4. Peut-on améliorer nos régimes de retraite ?

L’amélioration de nos régimes de retraite est un impératif. On ne peut pas se satisfaire du statu quo qui se traduit aujourd’hui par l’existence de plus d’un million de retraités sous le seuil de pauvreté. Pas davantage de l’érosion du taux de remplacement, qui risque d’ailleurs de se dégrader encore dans les 15 années à venir, si rien n’est engagé. Il faut agir pour l’amélioration des pensions de reversion et pour une plus grande égalité entre hommes et femmes.

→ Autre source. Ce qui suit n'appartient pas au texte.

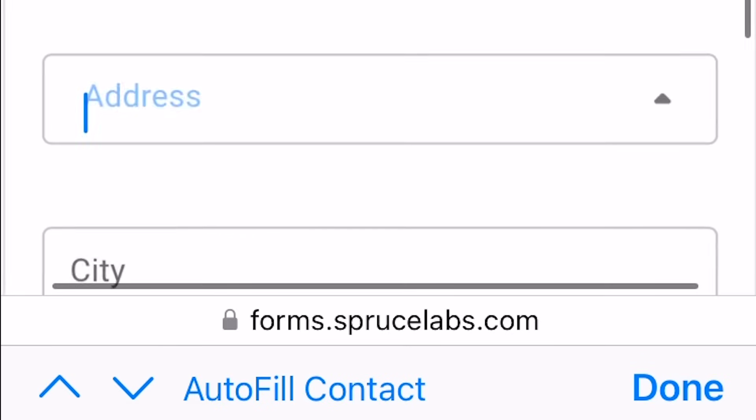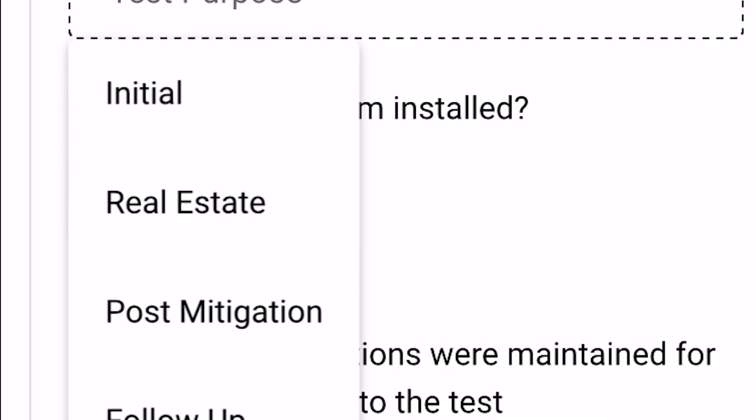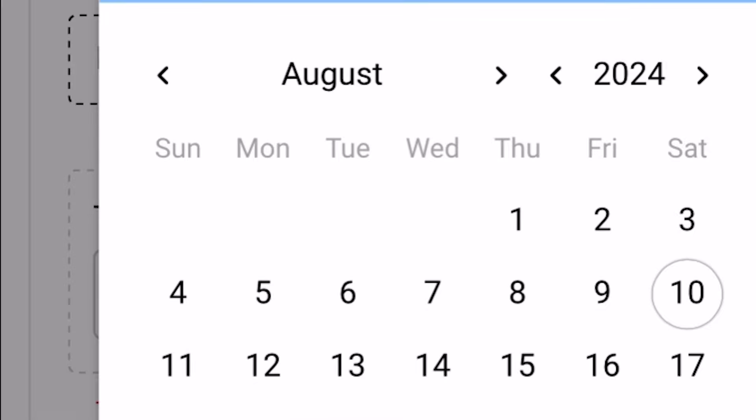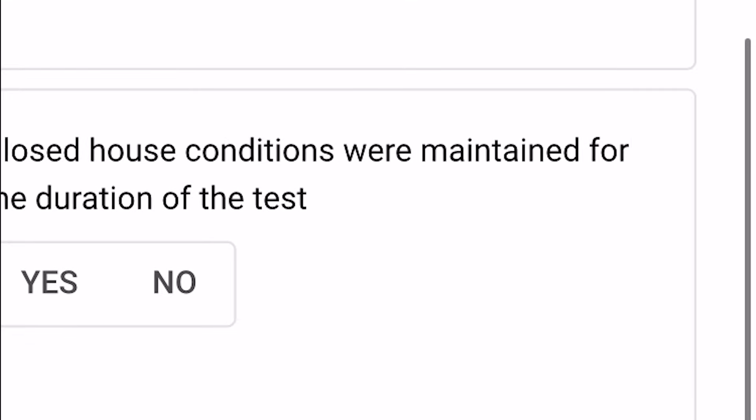On their website you can register, create an account, and enter the numbers on each of the two canisters — that's how you identify the device number and kit number. They'll ask for other details like your address, temperature, whether a mitigation system is installed, and when the tests started and eventually stopped.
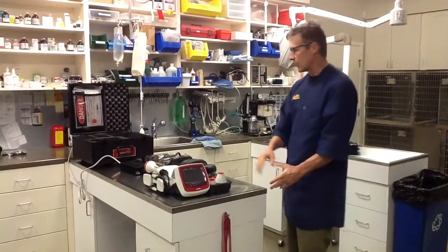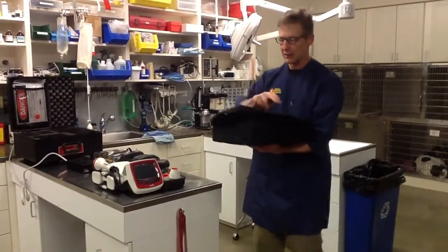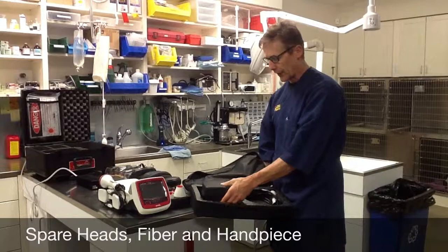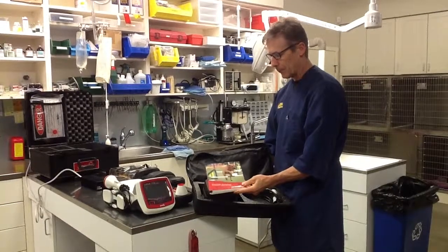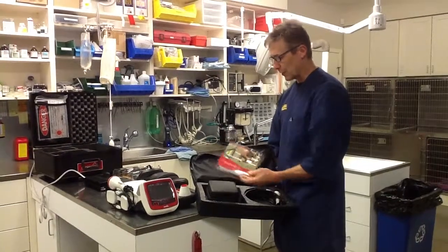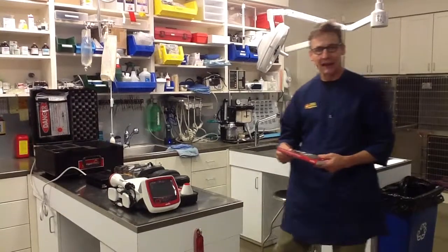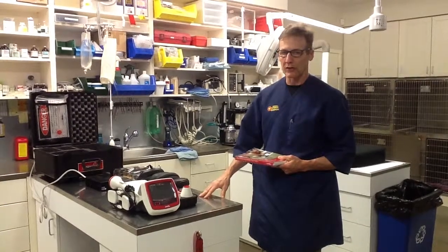So the first thing I want to talk about are the different components. You're going to have a soft package that arrives that looks like this. When you open it, you'll probably have a pair of glasses in here. I store the extra fiber and handpiece in here, and an extra set of the foreheads. On the top of this envelope you'll find one of the books, the Laser Therapy in Companion Animal Practice. Sometimes people have a hard time finding this, but that's usually up in that top envelope. These are basically backups, spares — put this in a safe place. You should not need to access it again unless you have a problem with your fiber handpiece or different heads.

Il convient aussi de s’engager à ce qu’en 2010 au plus tard, aucune pension de retraite ne soit inférieure à 80 % du Smic. Il conviendra de redéfinir, en relation avec les partenaires sociaux, les critères, le nombre et le périmètre des métiers pénibles. À titre d’exemple, est-il acceptable que des chauffeurs de camions de 38 tonnes conduisent à 60 ans et plus ? Il en va de même pour tous ceux qui sont contraints au travail de nuit.
Enfin, la réponse à tous ces défis sociaux passe par une augmentation des recettes. Rien ne se fera sans augmentation des cotisations. Reste à savoir lesquelles et dans quelles proportions. Le réabondement du fonds de réserve représente une nécessité pour des raisons de « lissage », à l’horizon 2020. Une sollicitation plus forte des revenus financiers est incontournable. La question de la majoration des cotisations, y compris patronales, doit être clairement posée. À défaut, ce serait la crédibilité même du système par répartition qui serait directement mise en cause.